╭──

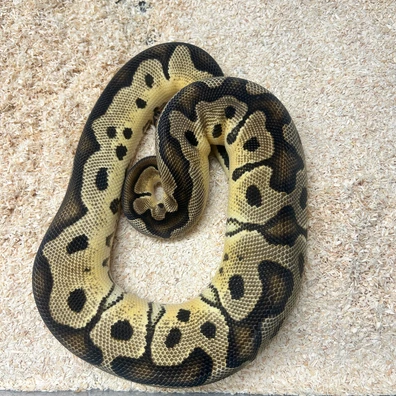 Orange Dream Clown Ball Python - female for sale from Fawcett’s Ball Python Empire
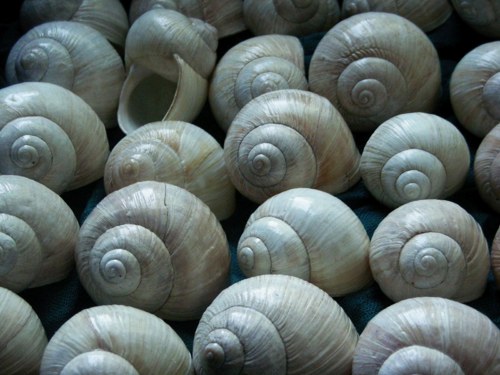 Ulity - alabastrové I. — foto 6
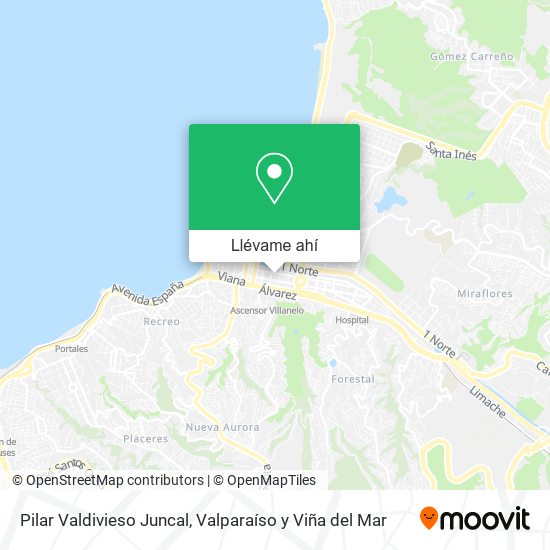 Mapa de Pilar Valdivieso Juncal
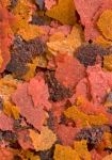 Хлопья - Артемия Плюс. Brine Shrimp Plus Flake. 34 г.     >>>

╰──

### Task statement
Would you set down the material exactly as it stands, without the pictures?

### Result of the exercise
 Orange Dream Clown Ball Python - female for sale from Fawcett’s Ball Python Empire
 Ulity - alabastrové I. — foto 6
 Mapa de Pilar Valdivieso Juncal
 Хлопья - Артемия Плюс. Brine Shrimp Plus Flake. 34 г.     >>>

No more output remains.